Project Skye will be situated on an 887.7-acre parcel of land south of Genito Road, east of Moseley Road, and north of Duval Road, according to the filing. The company plans to develop five data center buildings on the site, alongside three substations, as well as supporting infrastructure including parking, roads, utilities, and stormwater management facilities.
Chesterfield County, located just southwest of Richmond in central-eastern Virginia, has been a focal point for Google’s regional investment. The company first announced its intent to develop in the county in 2025 as part of a broader $9 billion investment program across Virginia. While news of the campus has been circulating since at least November 2025, the latest filing provides the first comprehensive look at the scale and layout of the project.
Beyond Project Skye, Google is advancing two other data center initiatives in Chesterfield County: Project Loch, on land near Midlothian west of Route 288 and south of Route 60, between Otterdale Road and Old Hundred Road; and Project Peanut, located near the Meadowville Technology Park outside Richmond. These projects are part of a larger statewide footprint that includes a cloud region launched in Virginia in 2017. Google purchased land in Chesterfield County that same year and completed its first self-built facilities in the state in 2019. It subsequently opened a second facility in Loudoun County in 2021 and a third in Prince William County in 2023.

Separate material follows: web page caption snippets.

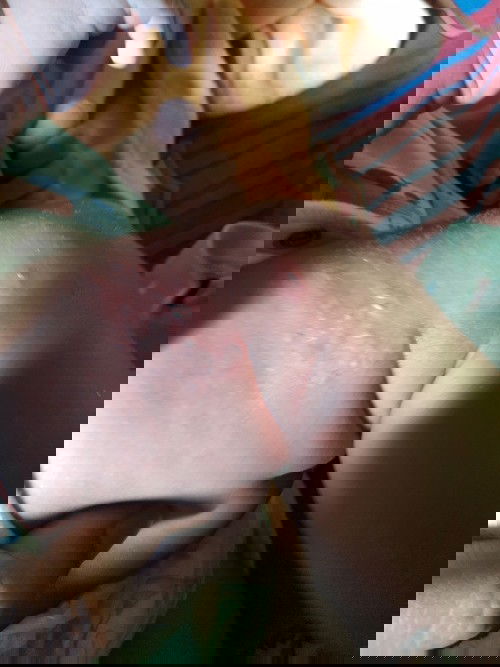 ini alergi atau gatal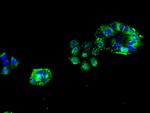 CHRNB1 Antibody in Immunocytochemistry (ICC/IF)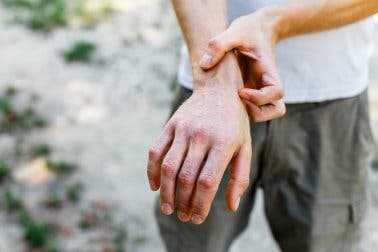 Mann mit Granuloma anulare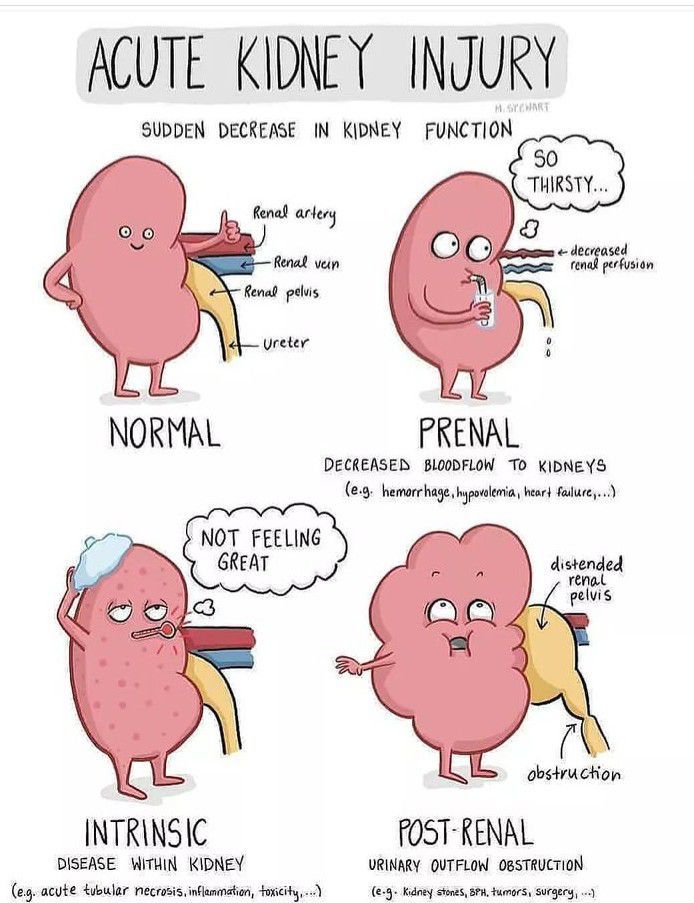 acute-kidney-injury-medizzy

The company’s Virginia investments extend beyond these campuses. In March 2024, a Google-linked entity, Sharpless Enterprises, secured approval for a 181-acre data center campus in Bristow, Virginia. More recently, in June 2025, Google acquired land in Botetourt County, west of Lynchburg, near the Virginia-West Virginia border.
The flurry of activity in Virginia reflects a broader trend among hyperscale cloud providers racing to secure land and power for AI and cloud computing workloads. With multiple campuses under development in a single county, Google is positioning itself to meet surging demand while navigating local permitting and environmental review processes.